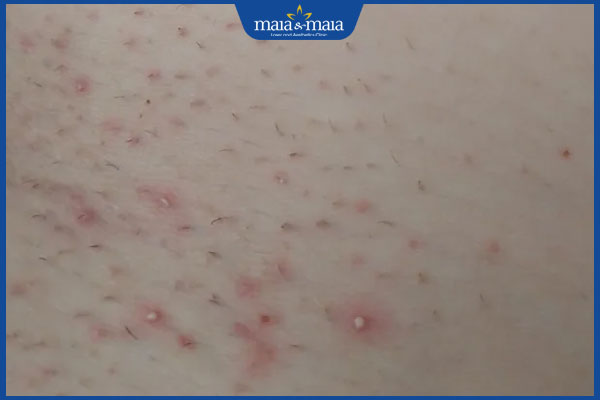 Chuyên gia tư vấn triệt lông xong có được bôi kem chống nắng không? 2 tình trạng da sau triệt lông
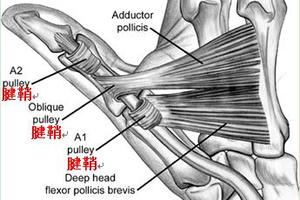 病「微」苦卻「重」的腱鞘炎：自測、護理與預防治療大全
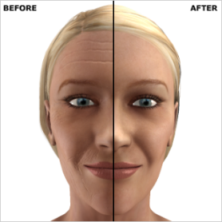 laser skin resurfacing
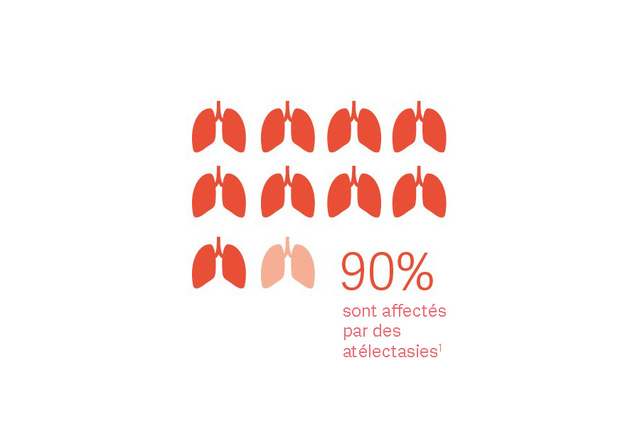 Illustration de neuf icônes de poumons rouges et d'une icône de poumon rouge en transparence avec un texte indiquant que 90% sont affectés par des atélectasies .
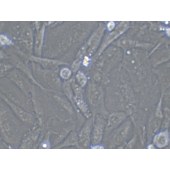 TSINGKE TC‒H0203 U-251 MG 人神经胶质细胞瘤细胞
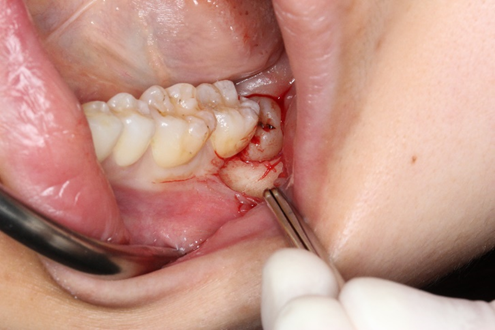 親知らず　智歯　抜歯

+---+

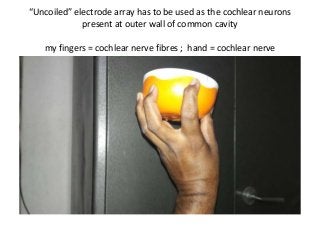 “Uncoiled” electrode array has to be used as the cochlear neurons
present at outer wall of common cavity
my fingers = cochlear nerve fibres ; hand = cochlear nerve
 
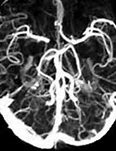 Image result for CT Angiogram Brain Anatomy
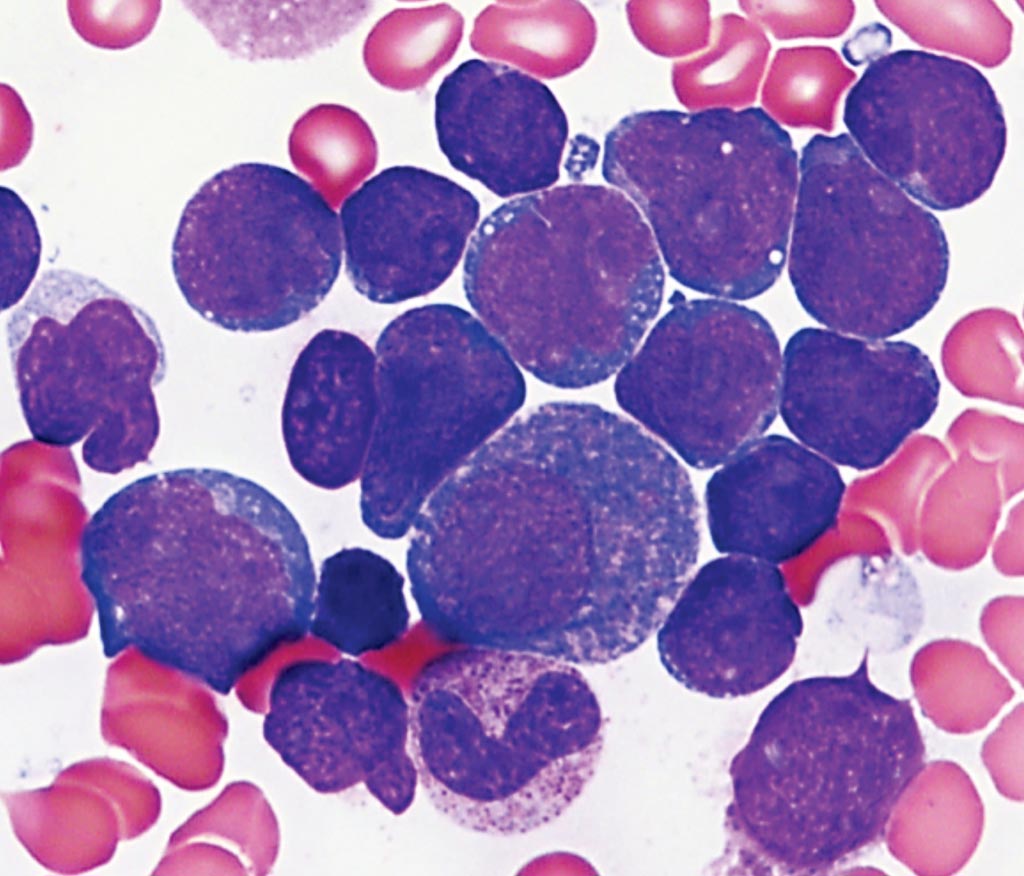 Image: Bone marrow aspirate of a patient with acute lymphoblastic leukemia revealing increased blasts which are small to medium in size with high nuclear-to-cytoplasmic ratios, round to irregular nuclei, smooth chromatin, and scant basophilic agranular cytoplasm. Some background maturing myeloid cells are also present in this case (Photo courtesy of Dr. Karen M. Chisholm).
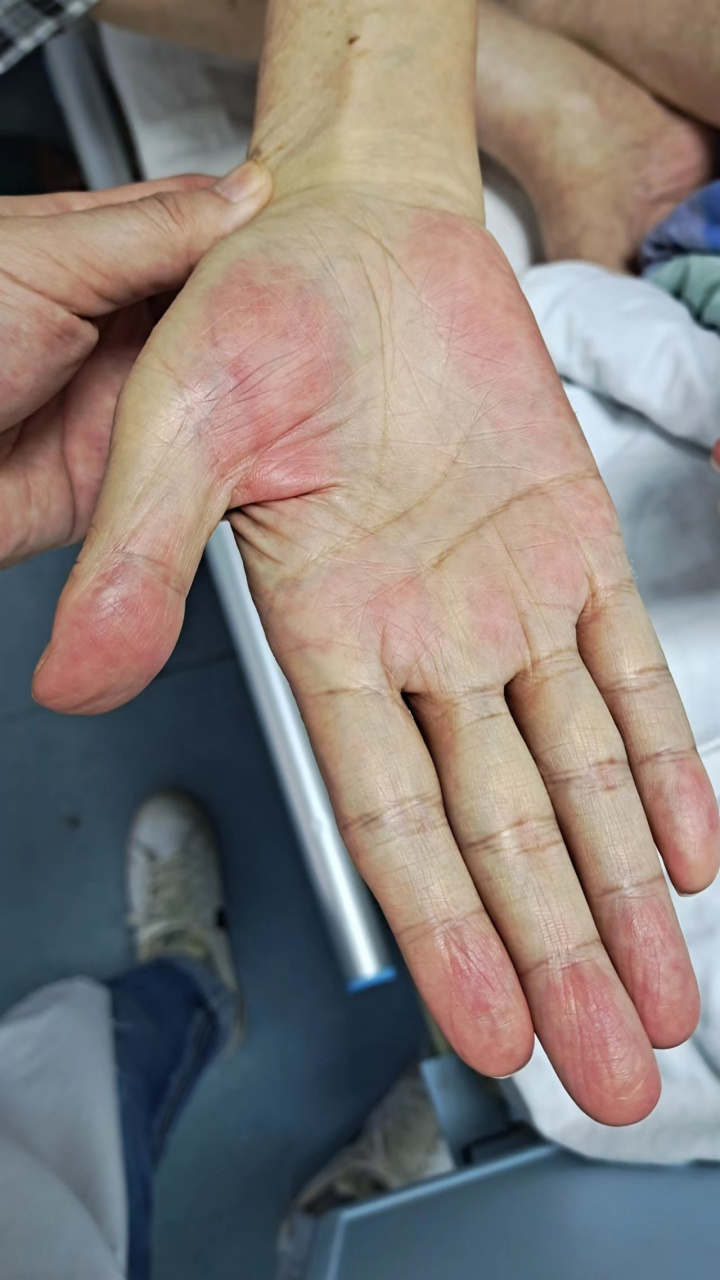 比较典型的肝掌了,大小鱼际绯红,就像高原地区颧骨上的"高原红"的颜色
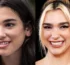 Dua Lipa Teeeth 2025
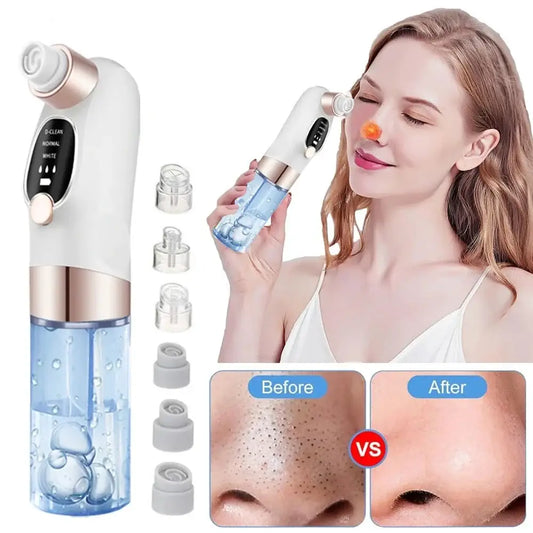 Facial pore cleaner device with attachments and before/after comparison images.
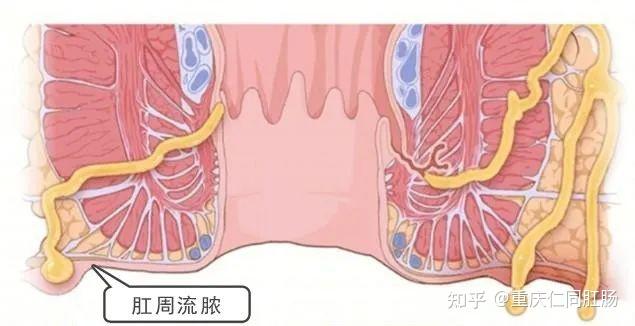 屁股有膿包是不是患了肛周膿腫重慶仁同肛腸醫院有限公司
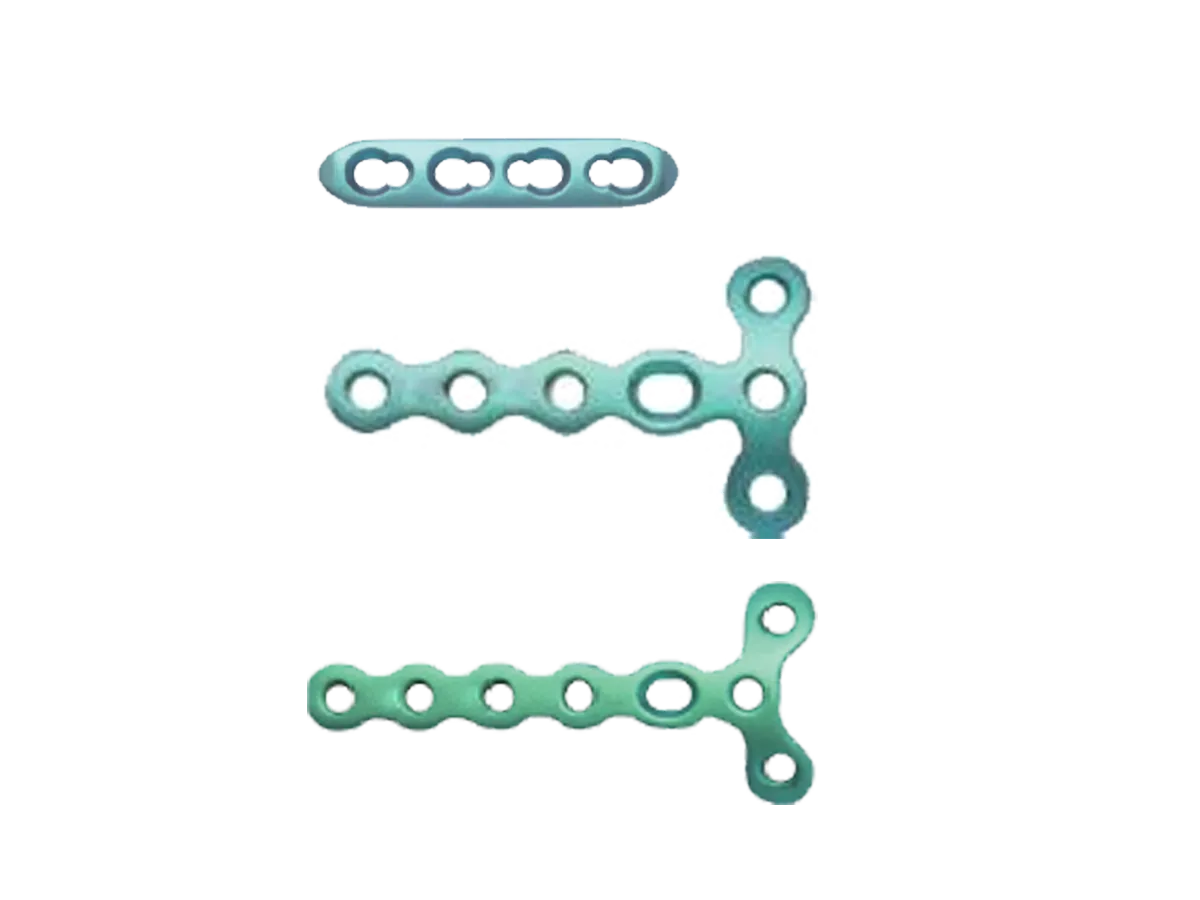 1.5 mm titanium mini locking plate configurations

+---+

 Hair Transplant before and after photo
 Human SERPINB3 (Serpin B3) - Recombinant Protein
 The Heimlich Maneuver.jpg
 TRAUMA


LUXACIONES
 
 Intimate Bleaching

+---+

» **Work request**
From the material above, give again exactly the lines from the one that contains "Facial pore cleaner" through the one that contains "1.5 mm titanium", and leave out the pictures.

» **Expected answer**
 Facial pore cleaner device with attachments and before/after comparison images.
 屁股有膿包是不是患了肛周膿腫重慶仁同肛腸醫院有限公司
 1.5 mm titanium mini locking plate configurations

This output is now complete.